HDAFU Table Data Tab: Whole Season Results Summaries

HDAFU Table Data Tab: Whole Season Results Summaries


The totals along the top row show the effects of betting on every match over five seasons. In our example league the totals are (from left to right) Home win (-7,329), Draw (-835), Away win (+8,236), Favourites (-2,594), and Underdogs (+3,501).

You can see from this graphic that away wins look the most promising backing system with a profit of 8,236 units from 100 unit stakes.

To customise the stake amount enter what you want in the Fixed Stake box at the top of each bet type in the Data Tab.

The image above shows the full five season cold analysis. If you enter a different stake amount the financial values will change, but the percentages will always remain the same. This being the case, we have fixed these percentages as a benchmark to better gauge the improvements we will make with our filtering exercise later.

The Odds Toggle is for testing the effects of the odds you are getting when playing the systems for real – you can ignore it during your analysis.

You can also leave the betting exchange commission rate at zero. Again, use it for backing system monitoring purposes when you start betting on or paper testing your systems of choice.

Okay, we fancy away wins in this particular league but let’s now have a look at the Inflection Points Tab to see if this backs-up our observation.

(Click on the image below to enlarge it in a new tab):

HDAFU Table Inflection Points Tab: Inflection Points Overview

HDAFU Table Inflection Points Tab: Inflection Points Overview


Away wins are certainly financially the most profitable bet type but the profit curve doesn’t really begin rising until odds of 3.30 are reached. Overall profit at this point is 463 units and this rises to a peak of 13,502 units around odds of 8.60.

These two points on the graph would therefore be our two inflection points: Odds of 3.30 where the curve begins to rise; Odds of 8.60 at the pinnacle, the point at which profits begin to fall again.

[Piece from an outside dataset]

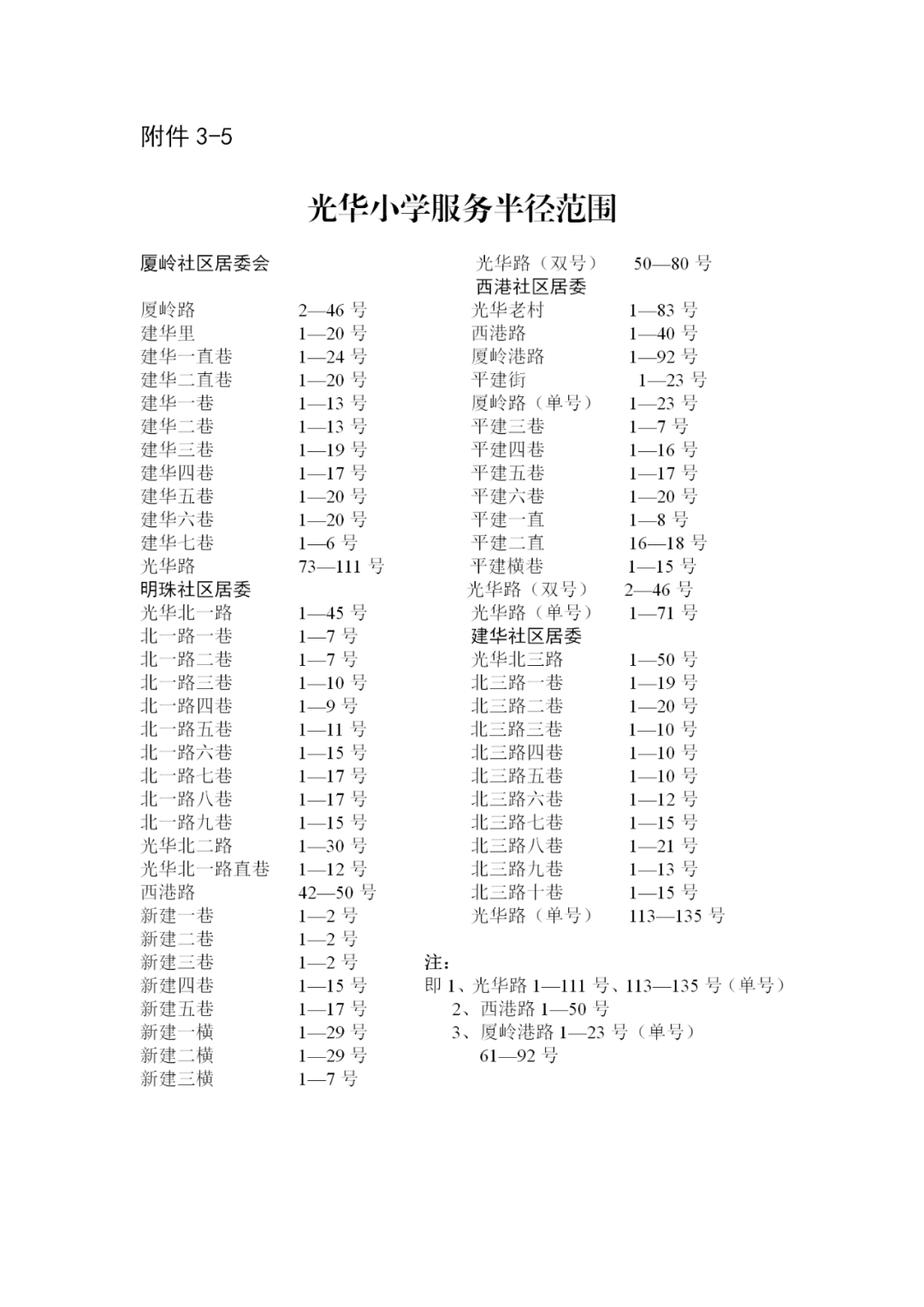 汕头市金平区义务教育2020年招生工作方案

However, notice there is a big portion of the away wins curve which is a zero-sum game. This ‘hole’ in our profit curve begins around odds of 3.75 (6,653 units). At this point, the curve falls away again, encounters what we call ‘statistical noise’, and only recovers at odds of around 6.52, when the profit figure surmounts its previous high at 7,184.

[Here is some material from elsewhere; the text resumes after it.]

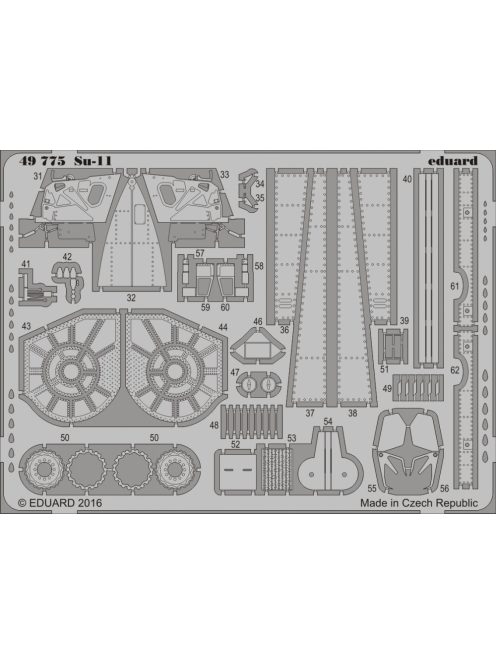 Eduard - Su-11 for Hobby Boss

HDAFU Table Inflection Points Tab: Inflection Points Odds Intervals 3.75 - 6.52

HDAFU Table Inflection Points Tab: Inflection Points Odds Intervals 3.75 – 6.52

In between these two points is the potential for a lot of wasted effort and not a lot of gain.

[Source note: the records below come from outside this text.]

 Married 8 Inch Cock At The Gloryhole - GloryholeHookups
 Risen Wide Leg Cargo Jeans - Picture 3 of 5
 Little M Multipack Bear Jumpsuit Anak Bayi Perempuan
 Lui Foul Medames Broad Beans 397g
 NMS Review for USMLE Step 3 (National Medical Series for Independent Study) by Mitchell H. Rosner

We can see the extent of this by scrolling down and looking at the inflection point intervals.

(Click on the right-hand image to enlarge it in a new tab):

This image shows the start of the 3.75 odds sector at the top and the end of the 6.52 odds sector at the bottom.

The yellow column indicates the running total of matches up to each cluster of matches.

We can see that our two odds of 3.75 and 6.52 encompass roughly 330 matches – the difference between 1,115 indicated at the 6.52 break-off point and 785 at the starting point of the 3.75 cluster.

That’s 330 bets over a five season period that are simply not worth making; or 66 bets in a season.

HDAFU Table Inflection Points Tab: Inflection Points Odds Intervals 3.30 - 8.60

HDAFU Table Inflection Points Tab: Inflection Points Odds Intervals 3.30 – 8.60

We can see this clearer by looking at the same snapshot between our original inflection points of 3.30 and 8.60.

:(Click on the left-hand image to enlarge it in a new tab)

In this odds range, we have roughly 587 bets (1,221 minus 634). We now know that more than 56% of these (330 bets) are not worthwhile making.

This leaves only 257 bets but the away win profit sectors between the inflection points seem to be split into two areas of the curve: from odds of 3.30 to 3.75 (medium risk system, accounting for around 160 bets), and then from odds of 6.52 to 8.60 (high risk system; around 100 bets).

If we were to continue our analysis of away wins we would eventually see that the three elements (the medium risk sweet spot, the high risk sweet spot, and the statistical noise in-between) combine to give us a bumpy ride.

Our expected hit-rate will be tempered by that area of noise, and yield will be lower because of the size of the zero-sum area and the number of pointless bets within it.

This means a lot of unpaid work to perform, placing many bets that maintain the status quo and not much else. On top of this, the losing streaks will be greater.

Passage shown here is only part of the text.